Ademais, na mesma sessão, houve deputados de partidos de esquerda que reverenciaram terroristas assassinos como “Che” Guevara, Carlos Marighella e Carlos Lamarca. E diferente do que a esquerda – inclusive Dilma Rousseff – alardeia, os grupos de guerrilha não lutaram contra o governo militar pela democracia. Como escreve Elio Gaspari: “A luta armada fracassou porque o objetivo final das organizações que a promoveram era transformar o Brasil numa ditadura, talvez socialista, certamente revolucionária. Seu projeto não passava pelo restabelecimento das liberdades democráticas. […] Documentos de dez organizações armadas […] mostram que quatro propunham a substituição da ditadura militar por um ‘governo popular revolucionário’ (PC do B, Colina, PCBR e ALN). Outras quatro (Ala Vermelha, PCR, VAR e Polop) usavam sinônimos ou demarcavam etapas para chegar àquilo que, em última instância, seria uma ditadura da vanguarda revolucionária. Variavam nas proposições intermediárias, mas, no final, de seu projeto resultaria um ‘Cubão’” (A ditadura escancarada: as ilusões armadas [SP: Cia das Letras, 2002], p. 193).

Surpreendentemente, a homenagem aos terroristas foi tomada como normal, como se depreende do silêncio a respeito nos jornais, mas a menção ao militar não.

Já no episódio da cusparada, que coroou um discurso patético, há uma agressão transmitida em rede nacional de televisão. De um lado, uma cusparada, que é uma agressão, um crime contra a honra (injúria), e que vale cassação por falta de decoro; do outro, uma opinião, profundamente tola e carente de realismo político.

Alguns tentaram defender ou relativizar a declaração de Bolsonaro. Mas o pré-candidato à presidência conseguiu a façanha de perder milhares de votos em 30 segundos. Um exemplo de fazer política contra si mesmo. Ainda assim, vários que se identificam com a “direita” apoiaram a afirmação do deputado. E essa é (outra) parte da tragédia política brasileira: somente um único partido (em 35) espelha valores conectados com o conservadorismo/liberalismo político. Em linhas gerais, brasileiros são conservadores no campo dos valores, mas este conservadorismo moral está muitas vezes conectado ao autoritarismo profundamente arraigado em nossa cultura (para entender o fenômeno, cf. Bruno Garschagen, “Pare de acreditar no governo”).
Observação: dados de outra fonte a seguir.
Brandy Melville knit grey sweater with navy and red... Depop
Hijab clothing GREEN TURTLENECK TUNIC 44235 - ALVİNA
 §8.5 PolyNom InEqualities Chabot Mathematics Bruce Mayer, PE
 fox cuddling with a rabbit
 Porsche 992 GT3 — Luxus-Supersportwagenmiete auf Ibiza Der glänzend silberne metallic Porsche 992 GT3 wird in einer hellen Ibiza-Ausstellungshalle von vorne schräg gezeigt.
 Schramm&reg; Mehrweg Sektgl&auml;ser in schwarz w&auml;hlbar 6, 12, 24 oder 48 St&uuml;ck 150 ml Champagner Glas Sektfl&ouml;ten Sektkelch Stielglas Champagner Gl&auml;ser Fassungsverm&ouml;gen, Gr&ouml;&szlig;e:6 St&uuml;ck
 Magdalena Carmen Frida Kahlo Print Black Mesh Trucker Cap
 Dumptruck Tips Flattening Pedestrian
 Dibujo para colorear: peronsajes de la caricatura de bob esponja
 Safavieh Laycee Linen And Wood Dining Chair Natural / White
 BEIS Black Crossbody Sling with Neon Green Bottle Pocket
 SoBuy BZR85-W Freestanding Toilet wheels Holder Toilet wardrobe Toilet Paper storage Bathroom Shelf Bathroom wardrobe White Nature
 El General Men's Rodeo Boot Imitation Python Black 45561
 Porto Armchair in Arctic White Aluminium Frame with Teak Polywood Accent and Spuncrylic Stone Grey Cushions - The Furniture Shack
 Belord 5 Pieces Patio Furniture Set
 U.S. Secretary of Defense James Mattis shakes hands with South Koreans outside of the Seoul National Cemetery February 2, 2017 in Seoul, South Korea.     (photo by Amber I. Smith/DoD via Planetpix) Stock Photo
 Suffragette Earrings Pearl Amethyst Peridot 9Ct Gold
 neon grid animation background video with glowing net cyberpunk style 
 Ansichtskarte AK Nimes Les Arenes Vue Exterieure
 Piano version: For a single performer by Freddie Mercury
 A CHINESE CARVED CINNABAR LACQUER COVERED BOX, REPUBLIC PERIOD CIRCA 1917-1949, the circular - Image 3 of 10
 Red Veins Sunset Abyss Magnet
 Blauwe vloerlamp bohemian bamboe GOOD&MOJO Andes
Os verdadeiros conservadores/liberais políticos não se coligam a autoritários, nem lhes oferecem adesão. Muito menos apoiam a prática da tortura. Tristemente, falta muito para a moralmente conservadora “direita” brasileira ser algo parecida com o liberalismo político no sentido estrito do termo, que defende não apenas a diminuição do Estado, mas a salvaguarda dos direitos individuais básicos.

Encerro citando as palavras de Davi Charles Gomes, ditas em conversa pessoal: “Eu tenho uma profunda suspeição de qualquer ideologia movida pela ira, tanto as que são explicitamente de esquerda, quanto aquelas que, clamando ser de direita, são tão ‘revolucionárias’ quanto às de esquerda”.